4. Resultados empíricos
A motivação inicial de nosso trabalho foi testar a hipótese de que as decisões de política monetária estariam sendo cada vez mais pautadas por questões relativas à atividade econômica, em detrimento do controle inflacionário estrito que seria esperado em um regime de metas de inflação "puro". Em termos do nosso modelo, a hipótese é a de que o parâmetro λy, que representa o peso atribuído aos desvios do produto, relativamente ao peso atribuído à inflação (normalizado para um), estaria ganhando força nos últimos anos. De fato, os resultados empíricos apontam no sentido de confirmação de tal hipótese. A segunda coluna Tabela 3 apresenta os resultados para a estimação do modelo utilizando toda a amostra (do segundo trimestre de 2002 ao segundo trimestre de 2013).
Para garantirmos que todos os instrumentos utilizados de fato satisfazem as condições de ortogonalidades assumidas, utilizamos o teste de sobreidentificação de Hansen (estatística J). Em todas as estimações reportadas neste trabalho, a estatística J encontrada ficou distante da área de rejeição da hipótese nula, indicando que o conjunto de instrumentos utilizado é de fato apropriado.10 O valor exato encontrado para as estatísticas J encontram-se na última linha da Tabela 3.
Os resultados indicam que o peso atribuído à suavização da taxa de juros é cerca de dois terços do peso atribuído à inflação, enquanto o parâmetro de suavização do câmbio nominal é cerca de treze vezes inferior à
O resultado obtido diverge daqueles tipicamente encontrados nos trabalhos empíricos sobre a política monetária brasileira após a adoção do regime de metas, tal como, por exemplo, Modenesi (2011). As evidências empíricas encontradas permitem sustentar que o elevado patamar da taxa de juros brasileira, frente aos padrões internacionais, não deve ser justificado como resultado de um Banco Central excessivamente rígido no controle inflacionário, mas sim como fruto de condições estruturais de funcionamento da economia brasileira.

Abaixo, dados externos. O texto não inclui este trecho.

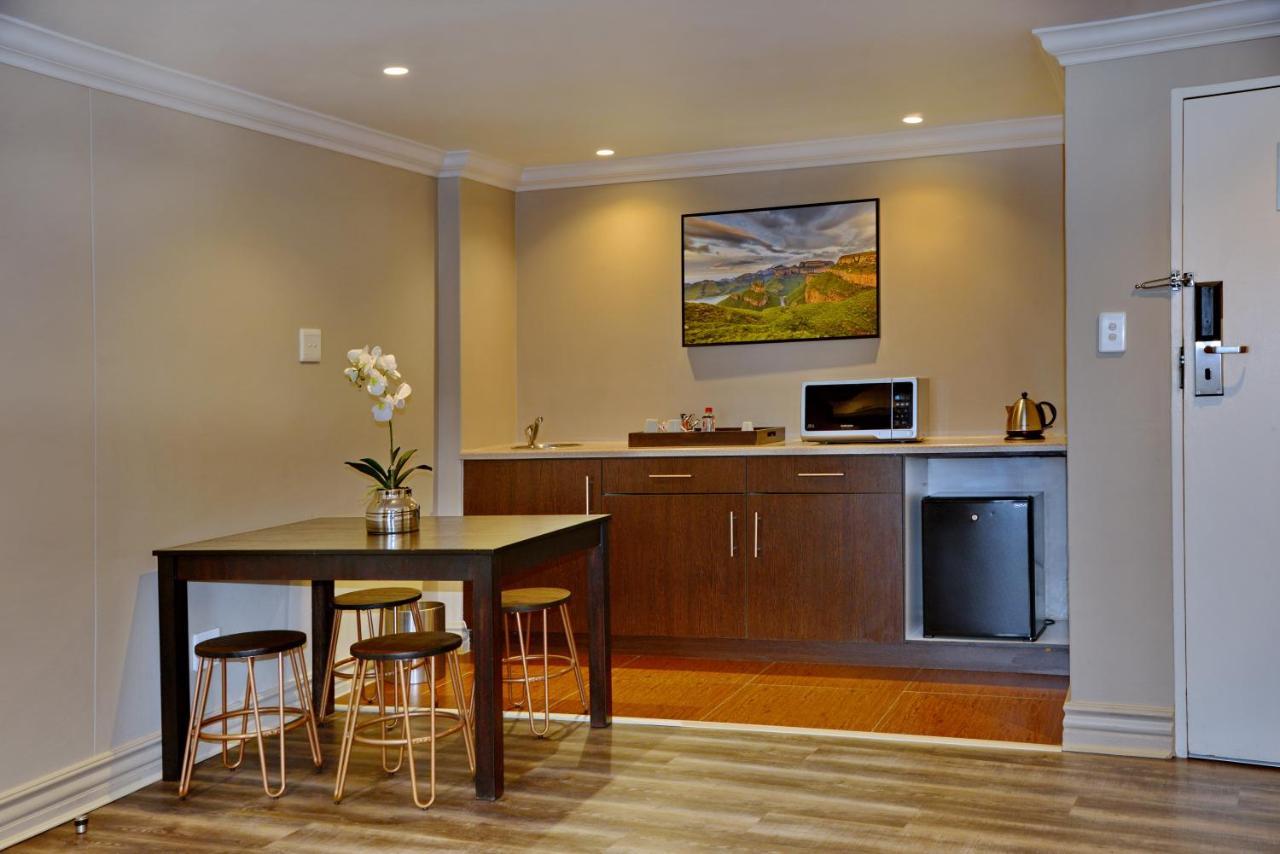 Anew Hotel Centurion Pretoria Экстерьер фото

Uma hipótese importante a ser testada é de que, embora a manutenção da inflação em níveis próximos ao centro da meta de inflação não seja sempre priorizada nas decisões de política monetária, o Banco Central é sensível ao limite superior da banda. Para testar essa proposição, criamos duas variáveis alternativas para a meta de inflação. À primeira somamos 0.5 p.p. em todas as observações; nos referiremos a esse caso como meta ajustada 0.5. No segundo caso, somamos 1.0 p.p.; analogamente chamada de meta ajustada 1.0. Assim por exemplo, a estimação do modelo no primeiro caso considerará a meta como sendo de 5,0% para o período em que a meta oficial foi fixada em 4,5%, enquanto no segundo caso a meta considerada será de 5.5%. As demais configurações da estimação foram mantidas inalteradas. Os resultados de tal experimento nos parecem particularmente interessantes, e estão explicitados na segunda e terceira colunas da Tabela 3.

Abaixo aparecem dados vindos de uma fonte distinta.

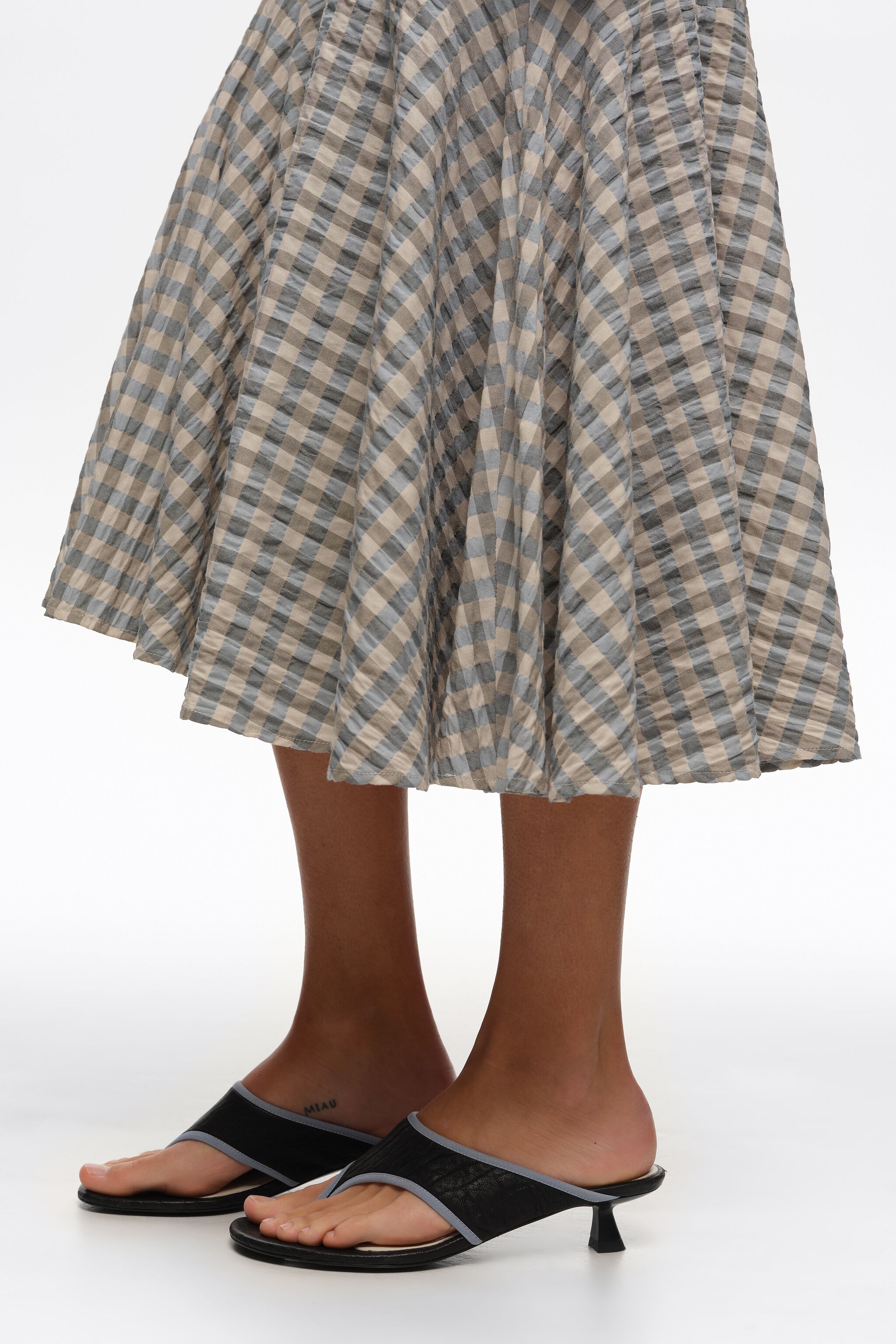 Schwarze Leder-Höhe-Sandalen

O emprego da variável meta_ajustada_0.5 já implica alterações relevantes nos parâmetros estimados. O parâmetro λy tem seu peso reduzido para 0.623, isto é, o peso dado a desvios do produto perde a predominância frente ao controle inflacionário. A relevância do fear of floating continua a ser reduzida (0.056), ao passo que
λiperde metade sua importância relativa. Ou seja, ao deslocarmos para cima em 0.5 p.p. a variável da meta de inflação, nosso modelo passa a identificar um regime de metas de inflação menos flexível.
A alteração se torna ainda mais significativa para o caso da meta_ajustada_1.0. O peso atribuído aos desvios do produto passa a representar apenas 10% do peso atribuído a desvios da inflação. Ao mesmo tempo, λi e λe seguem perdendo importância relativa, sendo estimados em 0.298 e 0.026, respectivamente. Em suma, se considerarmos a meta de inflação de facto como sendo sempre 1.0 p.p. acima da meta de jure (i.e, com a meta passando a ser a mediana entre o target oficial e o limite superior da banda) nossa estimação passa a identificar um padrão de gestão de política monetária que se aproxima do esperado em regimes de metas de inflação "puros".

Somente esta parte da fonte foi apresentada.